**Work order:** Only one span is wanted from the lines below: from the one with "Photo of 3916" up to and including the one with "Sarkozy publishes". Copy it exactly, without images.
Available data section start
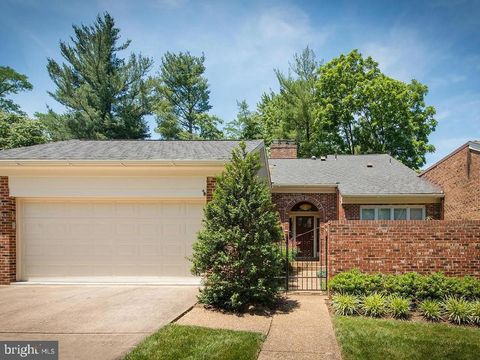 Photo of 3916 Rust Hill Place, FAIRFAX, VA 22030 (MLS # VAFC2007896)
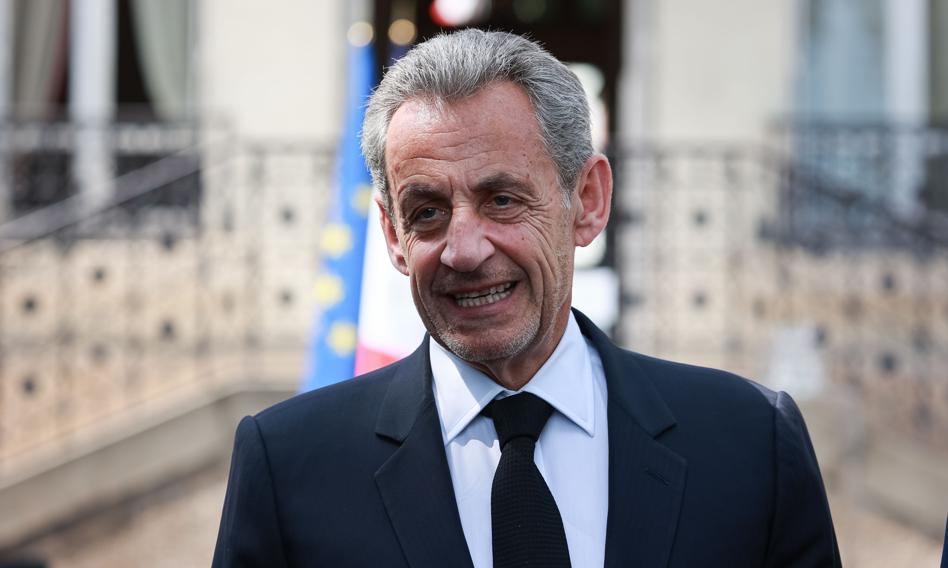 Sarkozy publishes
Available data section end
Available data section start
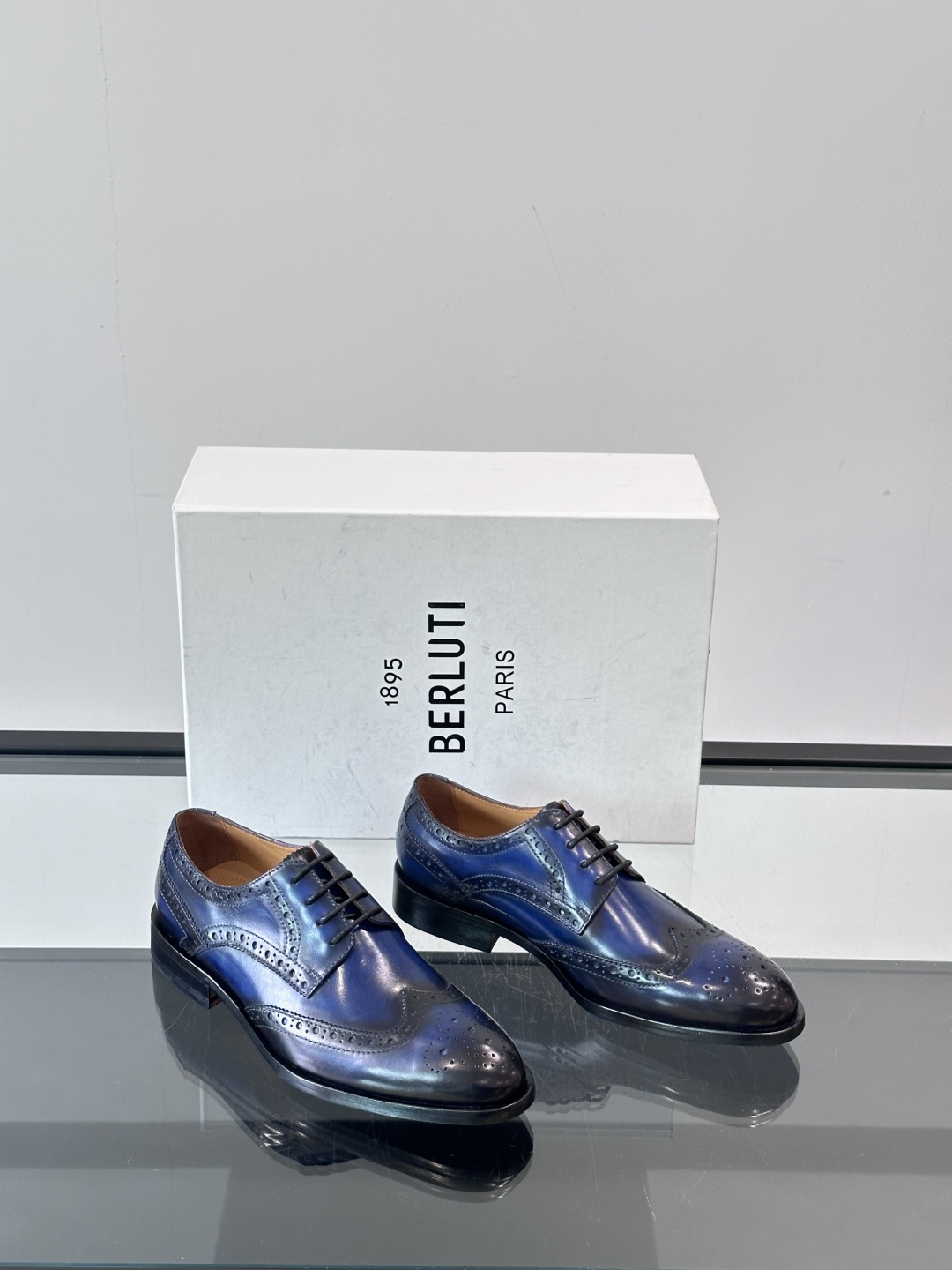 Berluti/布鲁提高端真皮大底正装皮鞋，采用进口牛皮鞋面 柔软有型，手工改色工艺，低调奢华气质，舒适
Available data section end
Available data section start
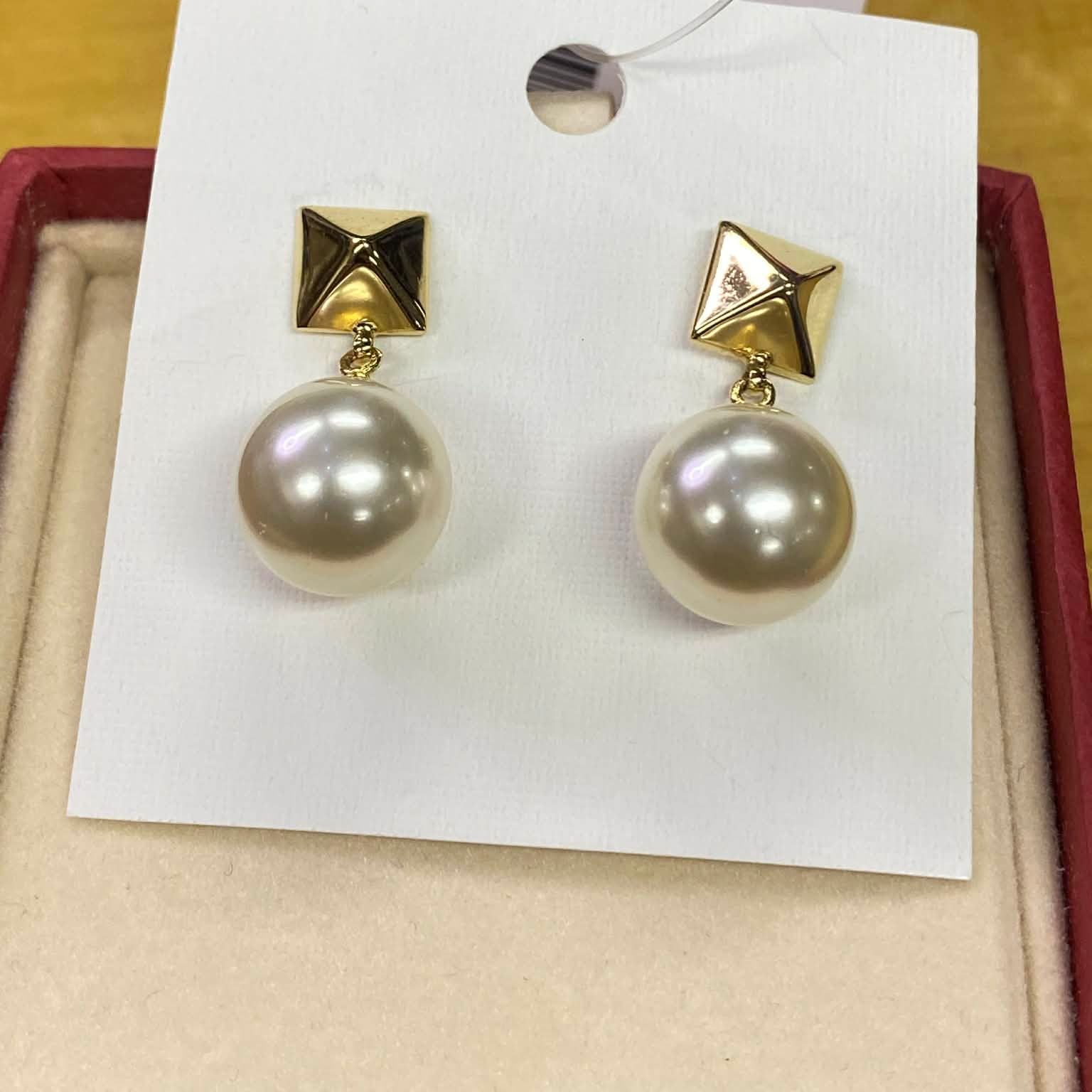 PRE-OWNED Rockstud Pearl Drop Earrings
Available data section end
**Result for this task:**
 Photo of 3916 Rust Hill Place, FAIRFAX, VA 22030 (MLS # VAFC2007896)
 Sarkozy publishes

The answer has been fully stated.